US20020113687A1

US20020113687A1 - Method of extending image-based face recognition systems to utilize multi-view image sequences and audio information

Info

Publication number: US20020113687A1
Application number: US10/012,100
Authority: US
Inventors: Julian Center; Christopher Wren; Sumit Basu
Original assignee: PERCEPTIVE NETWORK TECHNOLOGIES Inc
Current assignee: PERCEPTIVE NETWORK TECHNOLOGIES Inc
Priority date: 2000-11-03
Filing date: 2001-11-13
Publication date: 2002-08-22

Abstract

A biometric identification method of identifying a person combines facial identification steps with audio identification steps. In order to reduce vulnerability of a recognition system to deception using photographs or even three-dimensional masks or replicas, the system uses a sequence of images to verify that lips and chin are moving as a predetermined sequence of sounds are uttered by a person who desires to be identified. In order to compensate for variations in speed of making the utterance, a dynamic time warping algorithm is used to normalize length of the input utterance to match the length of a model utterance previously stored for the person. In order to prevent deception based on two-dimensional images, preferably two cameras pointed in different directions are used for facial recognition.

Description

CROSS-REFERENCE TO RELATED APPLICATION

This non-provisional application claims the benefit of our provisional application Ser. No. 60/245,144, filed Nov. 10, 2000.[0001]

FIELD OF THE INVENTION

The present invention relates generally to methods of identifying specific persons and, more specifically to an improved identification method using more than one kind of data.

BACKGROUND

Identity recognition using facial images is a common biometric identification technique. This technique has many applications for access control and computer interface personalization. Several companies currently service this market, including products for desktop person computers (e.g. Visionics FACE-IT; see corresponding U.S. Pat. No. 6,111,517).

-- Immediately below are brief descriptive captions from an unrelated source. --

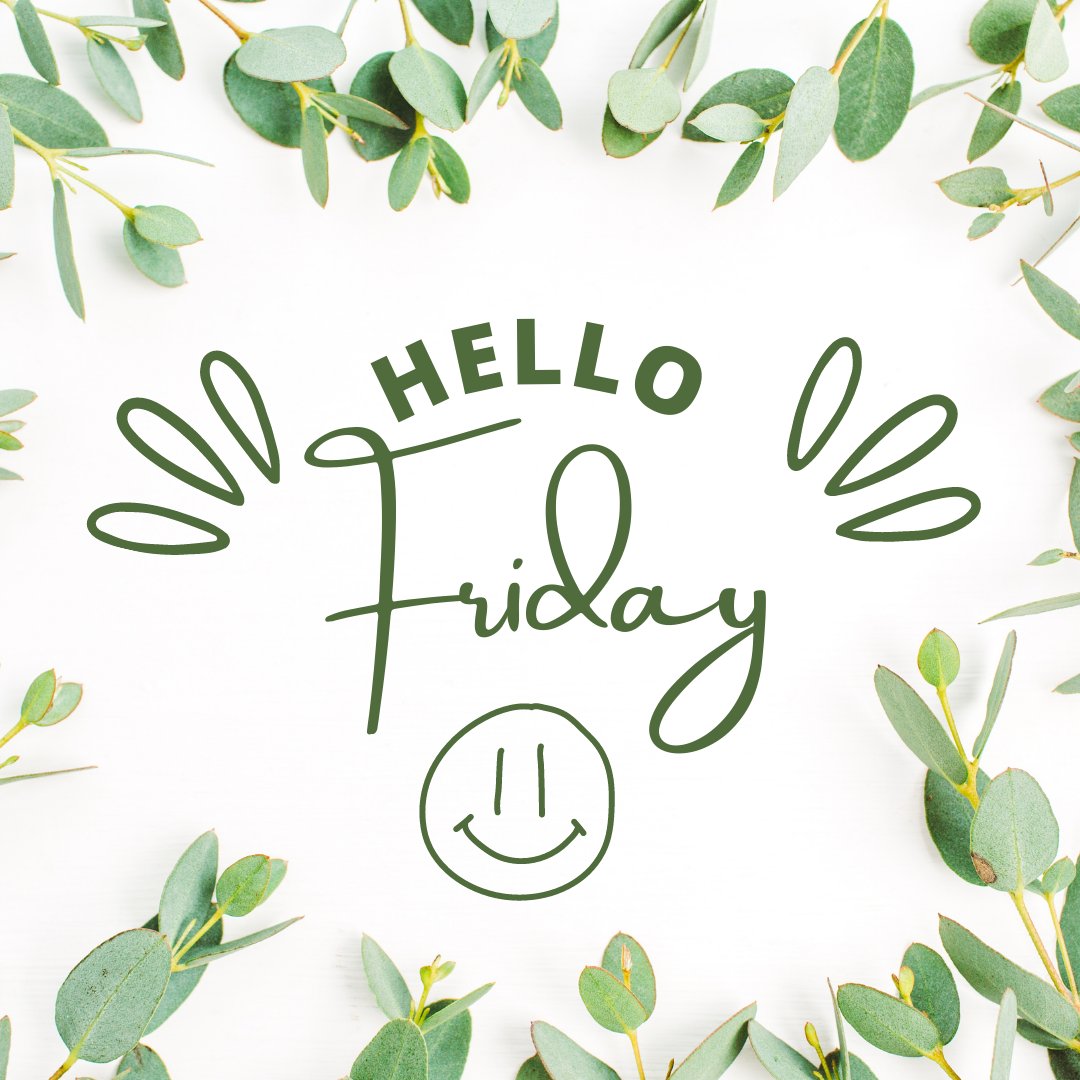 Wishing everyone a great Friday!

#CARSRecon #EveryDetailMatters
#HappyWeekend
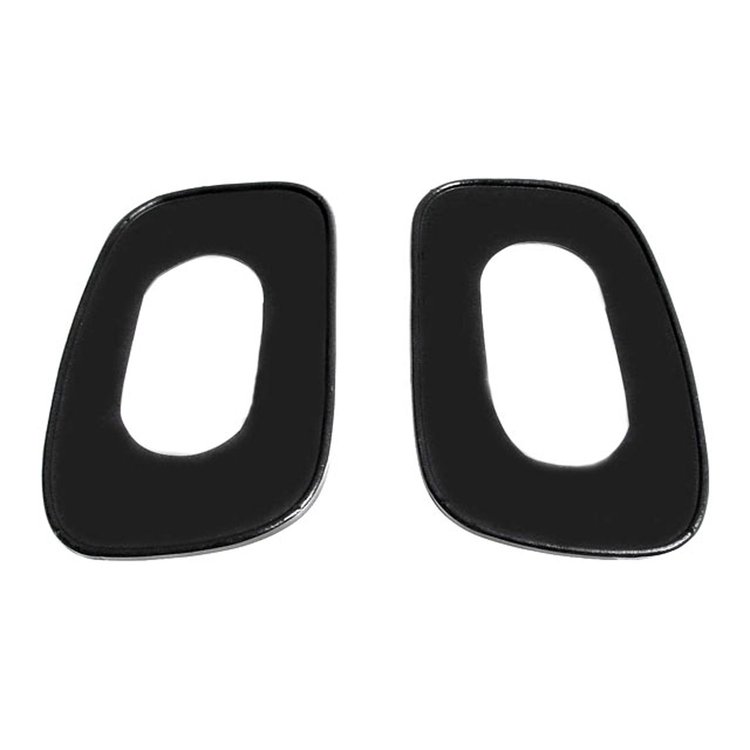 MP 1003 Tail-Light Pads, 3-3/4 in. Wide x 5-7/8 in. Long, Pair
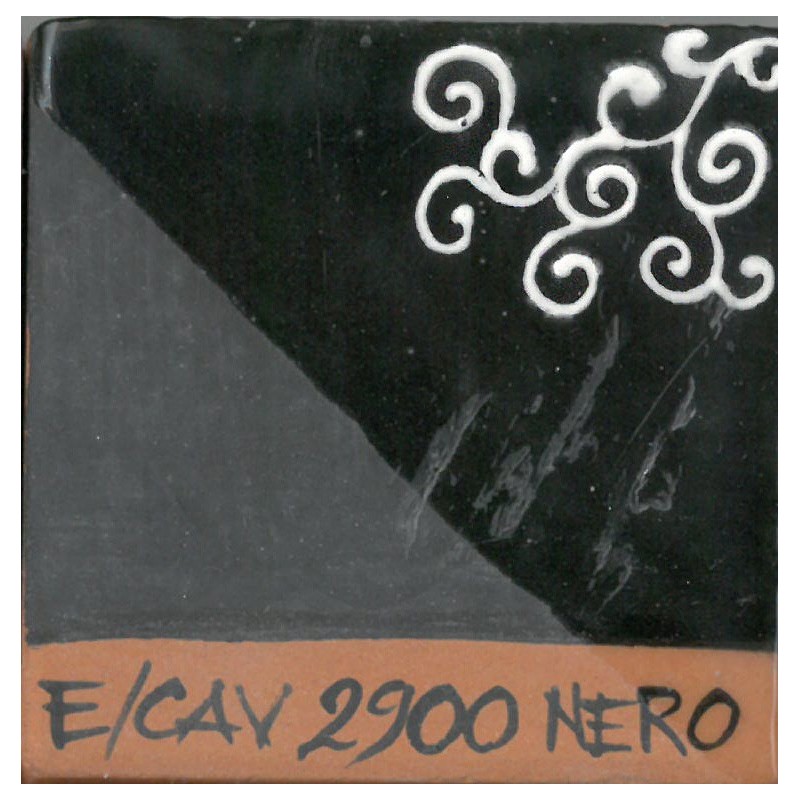 E2900 engobbio nero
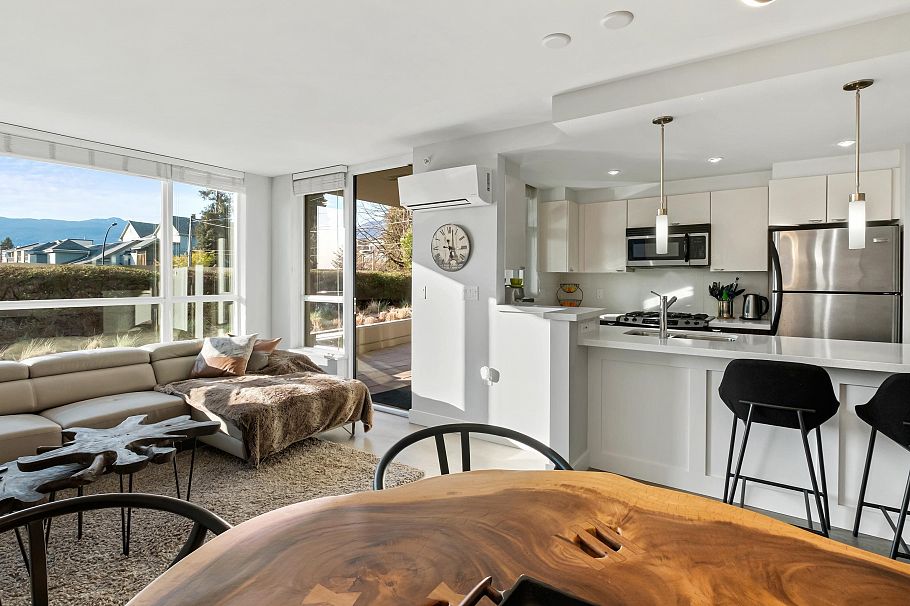 308 160 W 3rd Street North Vancouver, BC - 12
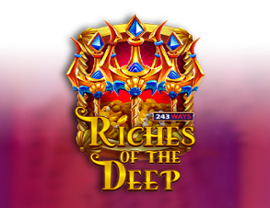 Riches of the Deep: 243 Ways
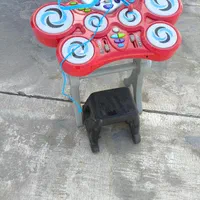 ساز درام کودک|درام و پرکاشن|قزوین, |دیوار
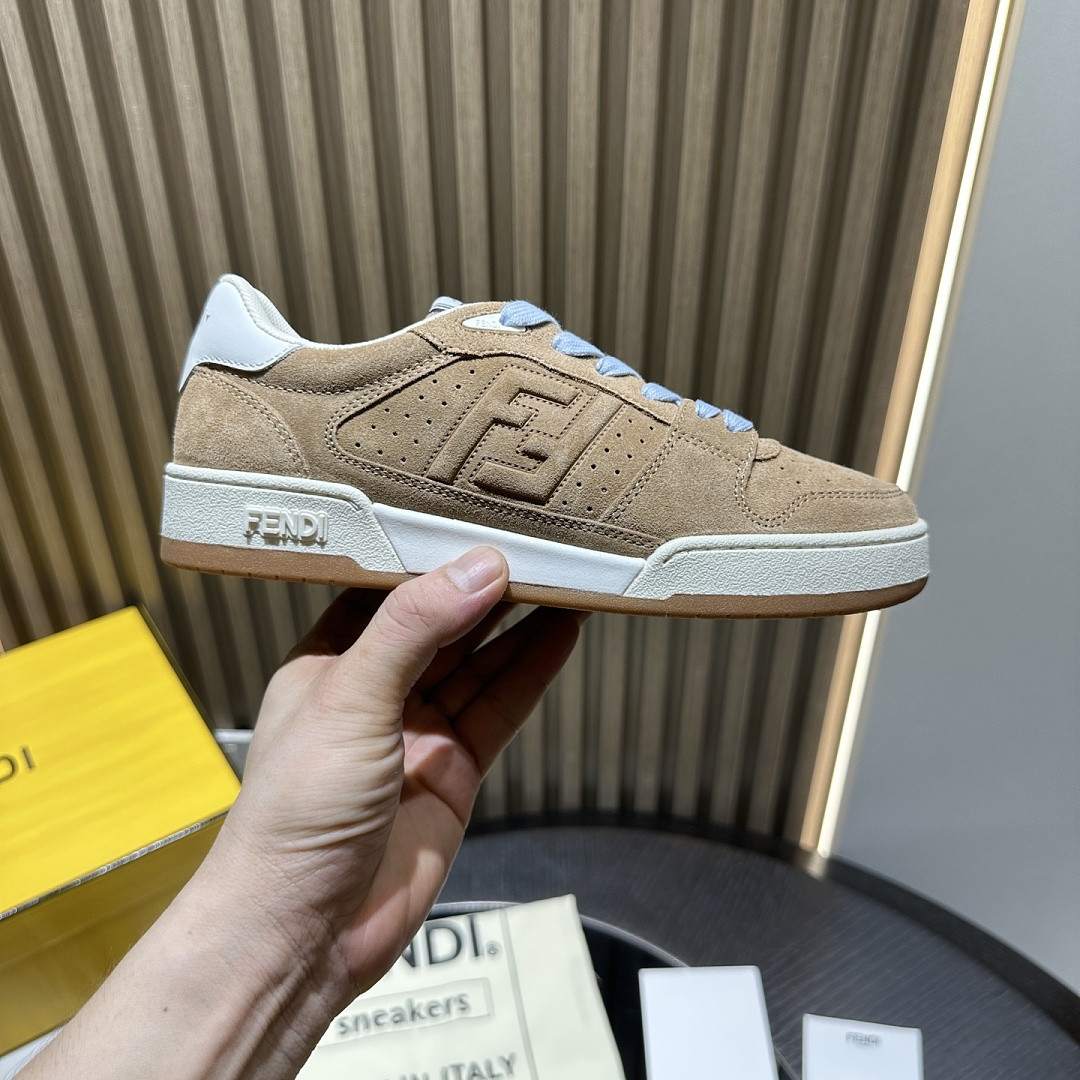 F**di SNEAKERS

Current face recognition systems compare images from a video camera against a template model which represents the appearance of an image of the desired user. This model may be a literal template image, a representation based on a parameterization of a relevant vector space (e.g. eigenfaces), or it may be based on a neural net representation. An “eigenface” as defined in U.S. Reissue Patent 36,041 (col. 1, lines 44-59) is a face image which is represented as a set of eigenvectors, i.e. the value of each pixel is represented by a vector along a corresponding axis or dimension. These systems may be fooled with an exact photograph of the intended user, since they are based on comparing static patterns. Such vulnerability to deception is undesirable in a recognition system, which is often used to substitute for a conventional lock, since such vulnerability may permit access to valuable property or stored information by criminals, saboteurs or other unauthorized persons. Unauthorized access to stored information may compromise the privacy of individuals or organizations. Unauthorized changes in stored information may permit fraud, defamation or other improper treatment of individuals or organizations to whom the stored information relates.

SUMMARY OF THE INVENTION

Accordingly, there is a need for a recognition system which will (A) reliably reject unauthorized persons and (B) reliably grant access by authorized individuals. We have developed methods for non-invasive recognition of faces which cannot be fooled by static photographs or even sculpted replicas. That is, we can verify that the face is three-dimensional without touching it. We use rich biometric features which include both multi-view sequential observations coupled with audio recordings.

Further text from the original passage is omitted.